Good grief. The definition of diegetic isn't rocket science. For something to be diegetic it must exist for BOTH the audience and the in world characters. That's what the term means. So, when the character turns off the radio and the music stops for both the characters and the audience, that would be an excellent example of diegetic. Note, most music in movies is NOT diegetic. After all, when the killer's theme music starts to play in a horror movie, it's not like that music is diegetic. But, when the little girls start singing the Freddie song and the characters in the movie can hear it, that WOULD be diegetic.

So, again, how can something be diegetic without the audience being able to see how results were achieved? If the music suddenly stopped for no reason, that wouldn't be diegetic. That music only exists for the audience, not the characters in the movie. @AlViking is apparently unable or unwilling to bother to learn what the term actually means and it is causing a break down in conversation.

A diegetic mechanic would look something like this. The characters come across a puzzle - maybe a code on a wall. :D The DM hands the players a handout that shows the code. The players try to decipher that code. But, the players aren't actually their characters who, frankly, are often significantly smarter than the players - sorry, not many of us have 18 or 20 Intelligences after all.

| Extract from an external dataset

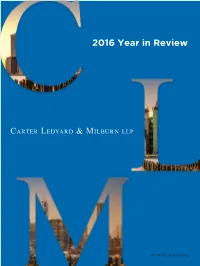 2016 Year in Review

So, the DM allows the player to make a couple of rolls based on their characters to give hints or possibly extra information about the code that helps the players to solve the code.

That would be an example of using diegetic mechanics. A non-diegetic way would be for the player to simply make a check and get the answer to the code. How did the character break the code? We don't really know. We just know that the character did. The character went from unable to read the code to being able to read the code without any real explanation or idea about how they did that.

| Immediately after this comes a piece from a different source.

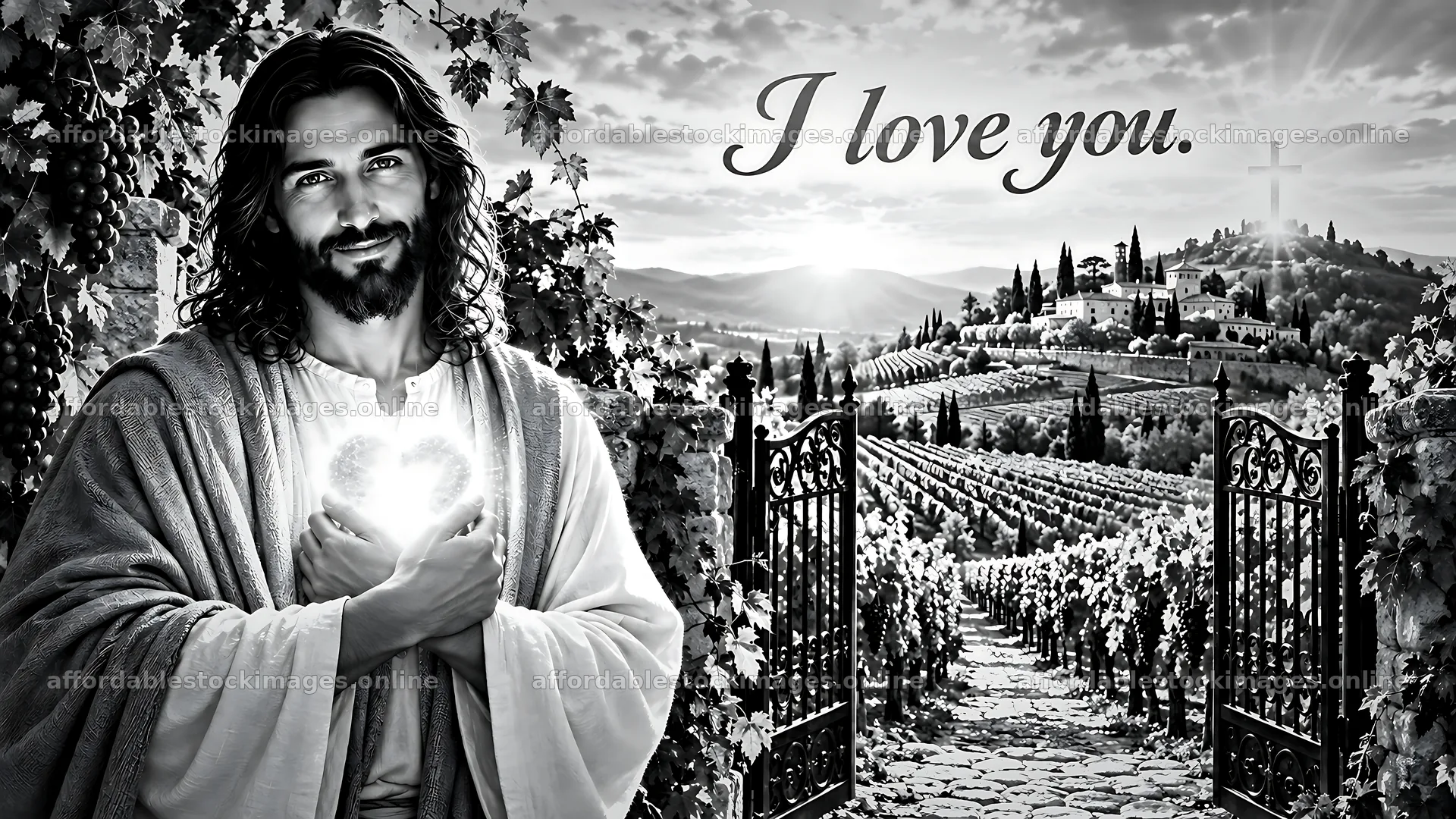 Love beyond the Vineyard Gate – stock images 10580x5954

Removing traps is often done this way. The PC finds a trap, the player rolls to disarm the trap and the trap is disarmed. How is the trap disarmed? No idea. Doesn't matter. We just know that the trap is now disarmed and no longer a danger. It's not diegetic at all. It's 100% in game world and opaque to the players.
You don't have to know how the results were achieved. Like at all. In order to be diegetic, all that needs to happens is 1) the thing happens entirely within the fiction, and 2) the audience can see or hear it happen.

If there's a bang in the fiction and neither we nor the people in the fiction know how the bang was achieved(fireworks, explosion, accident, et), it is still diegetic as it happened entirely in the fiction and we the audience heard.

By the definition, everything in the fiction of an RPG happening to the PCs is diegetic. It happens entirely within the fiction and we the audience "see" it happen through our imaginations. There is no need to hand the players a paper of the code, because they already experienced it in the real world, making the code diegetic.
 

What is it that I don't understand? All the actions and reactions happen in the fictional world without outside metagame influence. Diegetic, despite your insistence, is silent on whether you know why something happens. You have nevertheless shown one source other than your repeated declarations that why something happens matters.
Because there is no requirement to know WHY it happened. Only that it happen entirely within the fiction, and that we the players can "see" it happen in our imaginations. So if in the fiction a lightning bolt came out of nowhere striking the PCs, even through we have no idea why it happened(in the fiction or outside of it), it's still diegetic.
 

Because there is no requirement to know WHY it happened. Only that it happen entirely within the fiction, and that we the players can "see" it happen in our imaginations. So if in the fiction a lightning bolt came out of nowhere striking the PCs, even through we have no idea why it happened(in the fiction or outside of it), it's still diegetic.
Yep. There are things that have happened to me all the time where I don't know the cause. I guess my life is not diegetic.